What do I mean by this cryptic statement? I think it can be best summed up by this quote by French Playwright Francoise Sagan: ‘I shall live badly if I do not write, and I shall write badly if I do not live.’

There was a time when I could not surf. I mean, I could surf (barely – it’s more like I can keep my balance on a board while a wave has its way with me), but there was a time when I denied myself the pleasure. The regret would set in on the drive to the beach. A free day, I would think – a free day I could spend writing, editing, submitting, and yet here I am wasting it all at the beach. Only for brief minutes on the face of a wave could I dispel this poisonous guilt, but always it returned. So I stopped going. I did the right thing: I stayed home and wrote.

This was only one manifestation of an illusion that plagues so many of us dreamers: the illusion of the crystalline future. In the Future, you see, I would be a rich and famous author, a man with a wealth of free time and ability. Like Ian Fleming, I would write a thousand or two words in the morning, and then spend the rest of the day spearfishing and, yes, surfing in some tropical paradise.

I had plenty of hobbies I wanted to pursue like surfing: learning languages, martial arts, hiking – but in my mind those adventures would have to wait until I had achieved the dream of being a writer.

Similarly, what I did for money at the time (selling poison to legions of the walking dead) didn’t matter. I wouldn’t need to work once I sold a few books.

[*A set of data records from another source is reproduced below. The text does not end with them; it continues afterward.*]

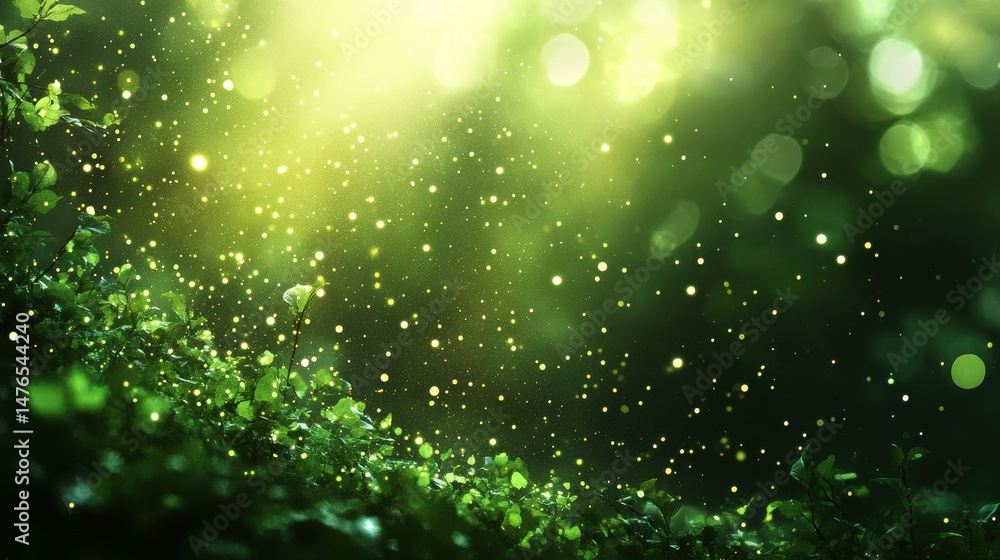 Poster luminous green forest with glowing particles and bokeh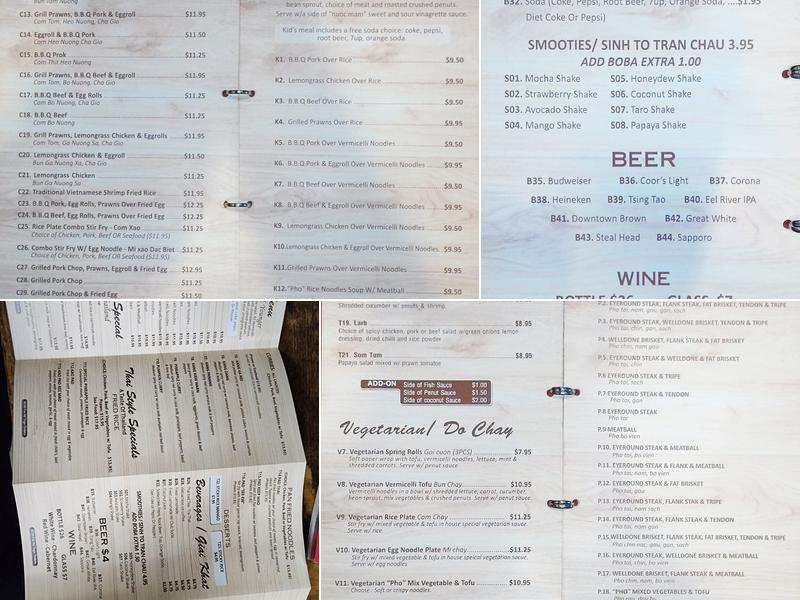 Pho Thiên Long Menu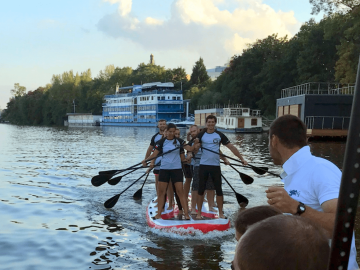 Giant Paddle Board Prague, Corporate team building Prague, Paddle Boards on Vltava Prague, Team building for companies in Prague
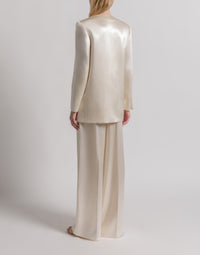 Veste à double boutonnage en satin brillant - White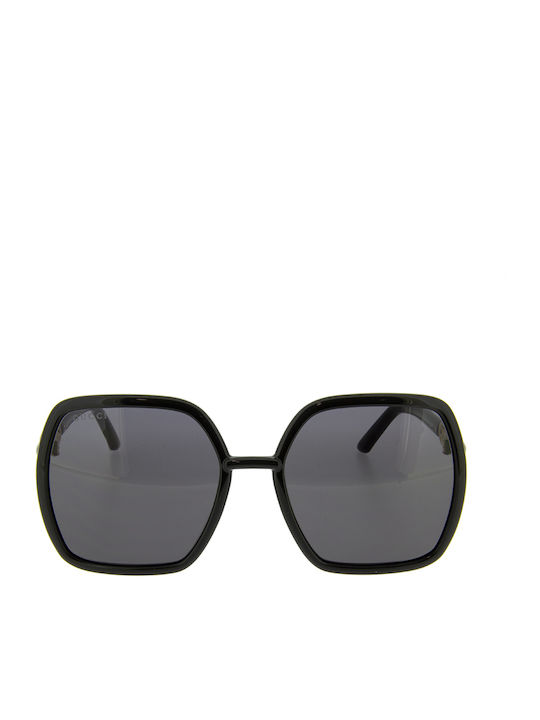 Gucci Damentagessonnenbrille mit Schwarzem Horn umrandetem Rahmen und Grauen Gläser GG0890S 001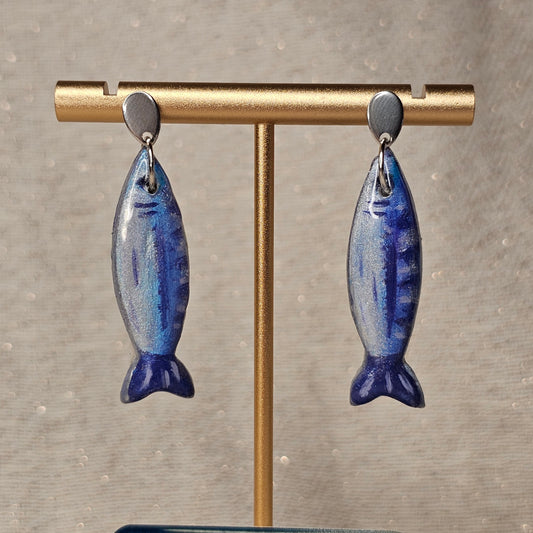 Boucles d'Oreilles "Les Poissons d’Océane" : Les Sardines Peinte à la Main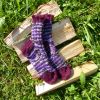 Ručně pletené ponožky, fialový melír s vínovými lemy, vel. 25-28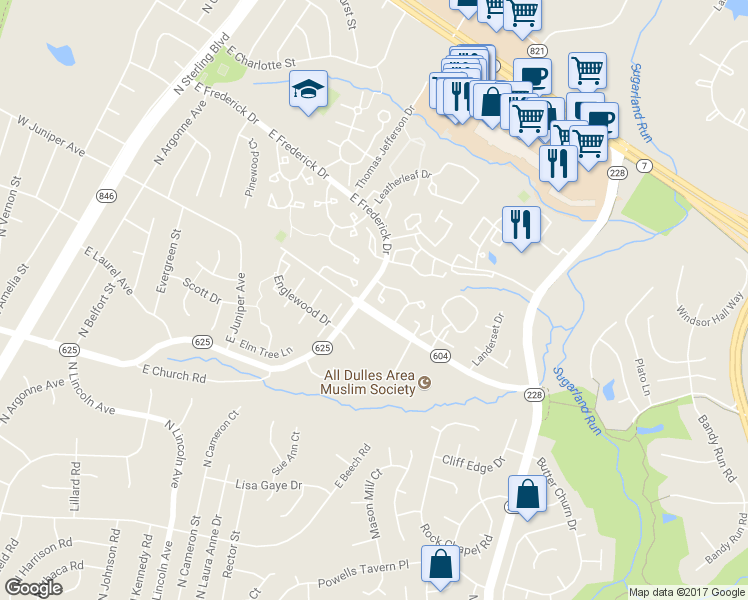 map of restaurants, bars, coffee shops, grocery stores, and more near 21921 Myrtlewood Square in Sterling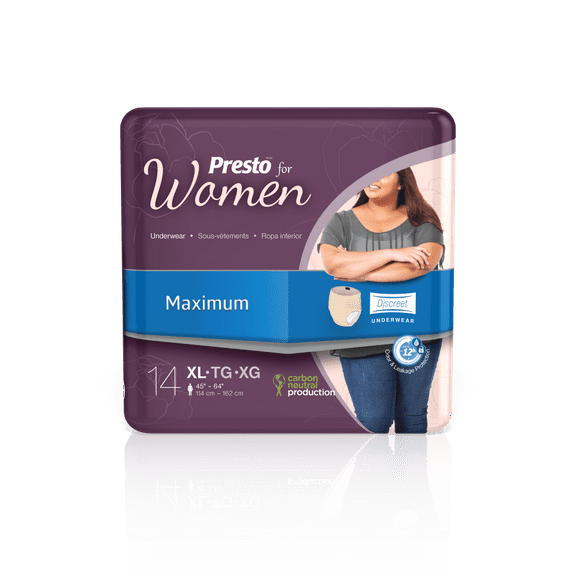 Presto Maximum Discreet Incontinence Underwear For Women  - Disposable, Odor Eliminator, X-Large - 14/Bag, 56/Case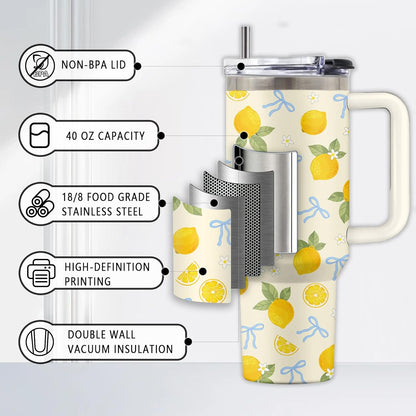 Lemon 40oz Tumbler, with Handle Straw, Insulated Sport Coffee Cup | 40oz Stainless Steel Tumbler, Travel Water Bottle, Thanksgiving Christmas Birthday Gift for Lemon Lover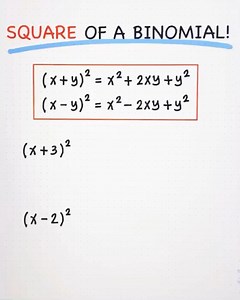 63K views · 815 reactions | Basic Math Review: Square of a Binomial! | Prof D | Facebook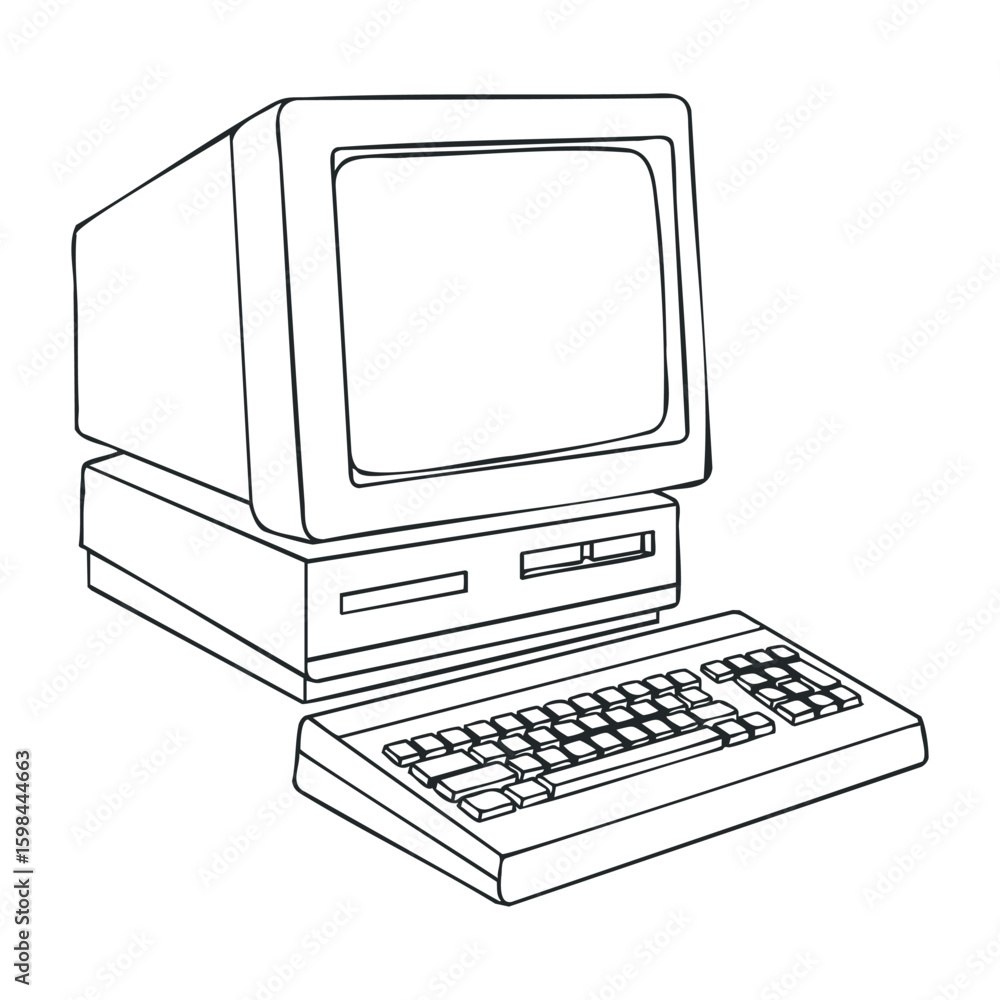 Poster retro vintage computer outline drawing with keyboard and monitor. vector illustration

There are two big problems with thinking this way. One, you have less to write about. No one wants to read a book by someone who has never lived, never left their little hermit hole of a dark room or seen another soul in decades. What do they know? Their lives, and therefore their minds, are not open, and inevitably their writing will be equally narrow. Two, when you rest everything on the writing, you crush it. You start second guessing every story. Is this good enough? Will this sell? Does it have commercial appeal? While these are by no means unimportant thoughts, by obsessing over them you lose the capacity to take risks, since the stakes seem so high. However, as any creative person will tell you, taking risks is an essential part of creating good art.

It starts with this: put your desk in the corner, and every time you sit down there to write, remind yourself why it isn’t in the middle of the room. Life isn’t a support system for art. It’s the other way around.’ So says the master himself, Stephen King in  On Writing.

I surf now; I learn languages and martial arts and history. My new job is not a soul crushing machine but a place I like to go with people I like to see. I have less free time, and yet I write more, the quality of my work is better, and I take risks – some of which have paid off very well.

So… put your desk in the corner, go surfing, and don’t sacrifice your life to the muse.

 

  1. Books Aren’t Dying, So Stop Panicking

‘Millenials aren’t reading fiction! Print book sales continue to plummet! The average salary for a writer is now only ten thousand dollars a year!’ Ah, the media at it’s best: zero in on a public concern and then use it to scare the shit out of everyone for those juicy, juicy clicks.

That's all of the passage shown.